The rains are rather erratic and unpredictable, but most rain tends to fall in April and November. The best time to visit the park is actually the beginning of the rainy season in March or September. The average recorded temperature is 26° C with daily variations ranging from 14° C to 32° C. July and August are the hottest months, but December and January can also be very hot.
In the evenings or on a rainy day it can get quite chilly no matter which time of the year it is and on a sunny day it will always be hot and feel even hotter in the rainy season because of the increased humidity. Generally, Lake Mburo has nearly the perfect climate with warm, but not over hot days and slightly colder nights.

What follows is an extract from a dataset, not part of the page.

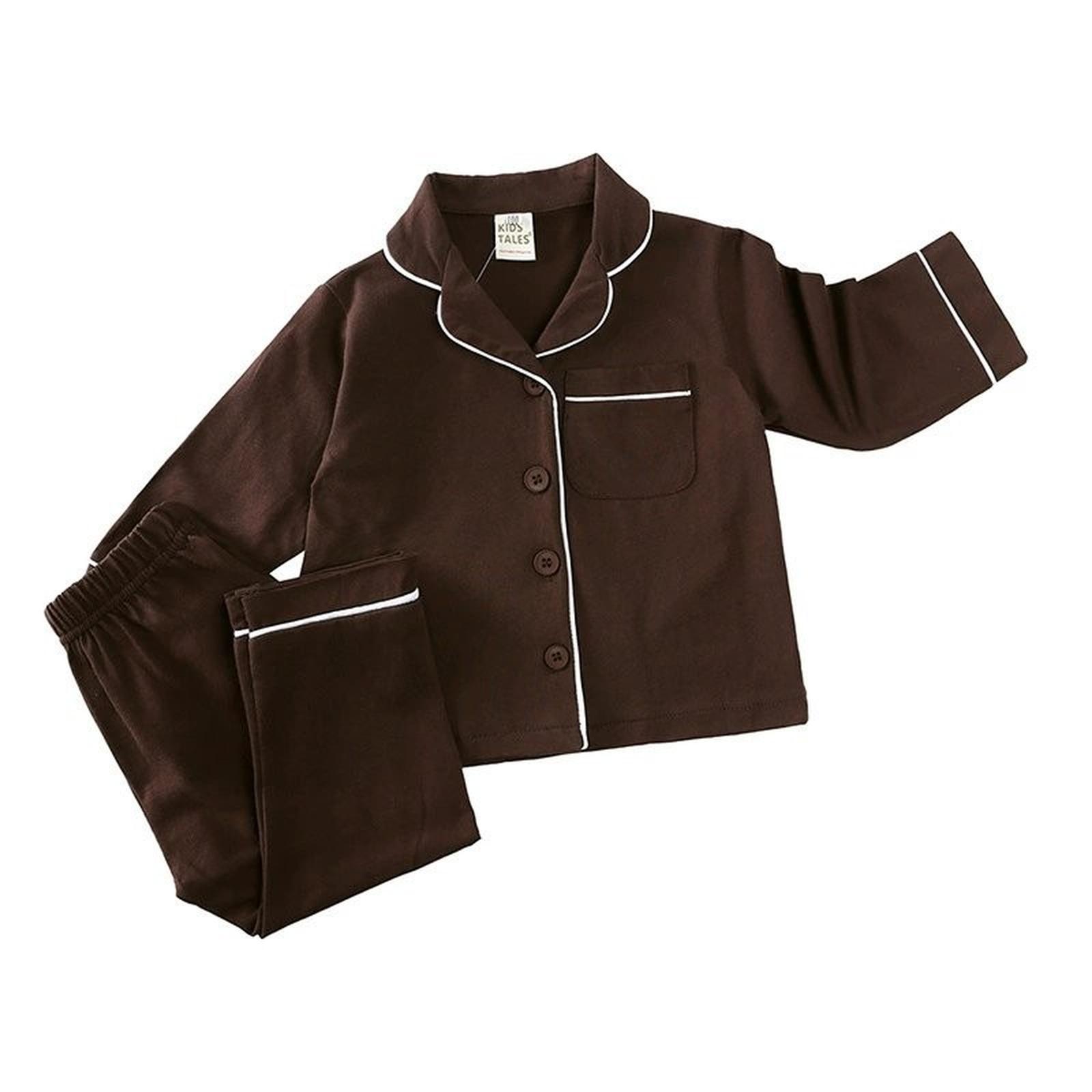 

Kids Home Comfortable Casual Pajama Set 100 кавовий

The Park lies between 1219m and 1828m above sea level. High hills and rocky, eroded ridges characterize the western part of the Park; here deep valleys support the forest found nowhere else. In the eastern sector, the rolling, wooded hills are intersected by wide, flat-bottomed valleys, which are seasonally flooded and drain into the swamps and lakes. The Ruizi River flows in a south-easterly direction and forms part of the western boundary of the Park. Lake Mburo and its associated wetlands eventually drain into Lake Victoria.

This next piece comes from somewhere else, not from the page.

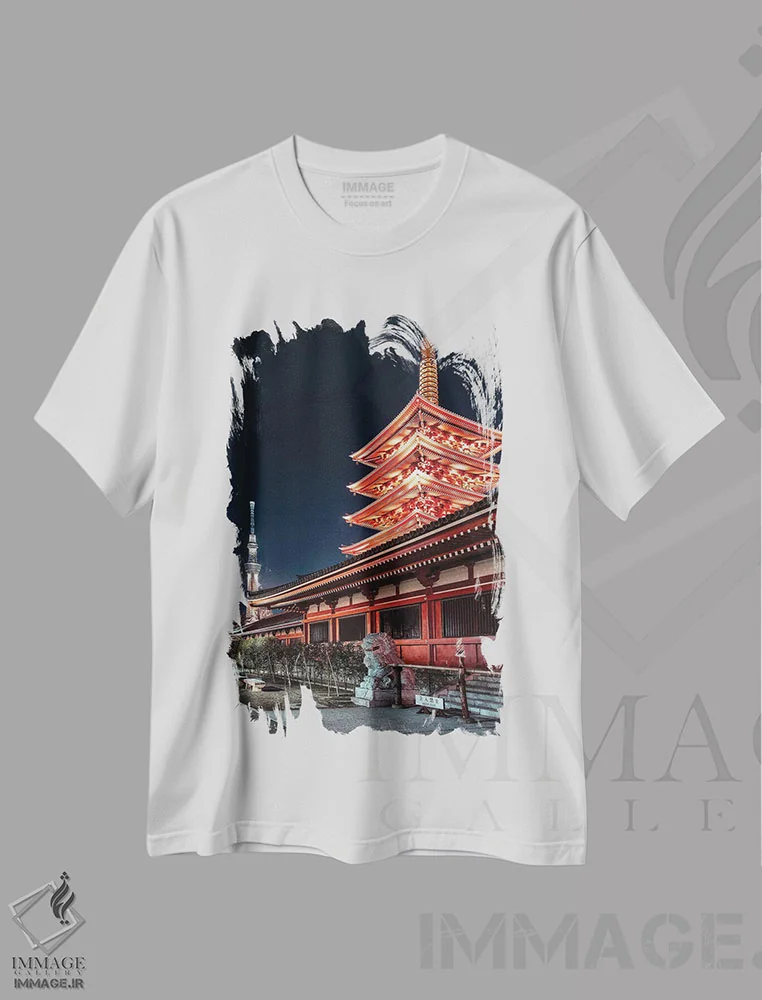 تیشرت سفید طرح دار معماری در توکیو، مدیوم اثر مانجیک پیکچرز | فروشگاه ایماژ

The Park is underlain by very ancient (more than 500 million years old) Precambrian metamorphic rocks which belong to the ‘basement system’. Mihingo Lodge is built on one of these outcrops. Most of the soils in Lake Mburo are heavy clay and loam soils. Although surrounded by lakes there is hardly any groundwater in Lake Mburo National Park owing to the deep clay soils preventing any water from entering deep into the ground wildlife &
According to our records Lake, Mburo might have the highest leopard concentration ever recorded, due to its perfect leopard habitat and thousands of impala which are leopards’ favorite prey in Mburo. Leopards are mostly seen on night game drives together with the very widespread, but rarely seen bushpig and hyenas. Nightgame drives also reveal the small jennet cats and white tales mongoose.
Encountering buffalo on walking safaris or horse rides is one of the most exciting experiences you can have on a safari.

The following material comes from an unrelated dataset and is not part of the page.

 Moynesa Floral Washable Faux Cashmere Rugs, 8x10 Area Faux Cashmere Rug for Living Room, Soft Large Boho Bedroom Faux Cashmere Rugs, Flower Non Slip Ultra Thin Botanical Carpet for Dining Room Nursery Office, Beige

Lake Mburo is now also home to 15 endangered Rothschild’s giraffes, which were introduced in July 2015. It is exhilarating encountering them on one of our horse safaris.
Another special animal at Mihingo Lodge is the bushbabies (longtailed galago) which come nearly every night to the bushbaby platform below the bar area. This is one of the only places in Africa to see this very shy nocturnal primate close-up.
The large variety of habitats in Lake Mburo National Park supports over 350 bird species including rare, but regularly seen species like African finfoot and white-backed heron. If you are able to call the papyrus gonolek using a recorded bird call, it will come to the edge of the papyrus, otherwise, this papyrus endemic species is rarely seen. If you are lucky you might see a shoebill and in the rainy season the grey-crowned cranes breed and raise their fluffy chicks in the swampy areas of the valleys.
Lake Mburo is also home to a huge number of African fish eagles. There is a large variety of savannah and water birds including some spectacular species like Narina trogon, Ross’s turaco, African green pigeon and the bare-faced go-away-bird often seen around Mihingo Lodge. If you ask one of our guides you can try and track one of the Narina trogons. When you hear their calls a guide can take you close to the area it is calling and with a bit of luck, you can spot this very elusive and beautiful little bird. With a recorded bird call it is quite easy to see them as they will come to see who has invaded their territory.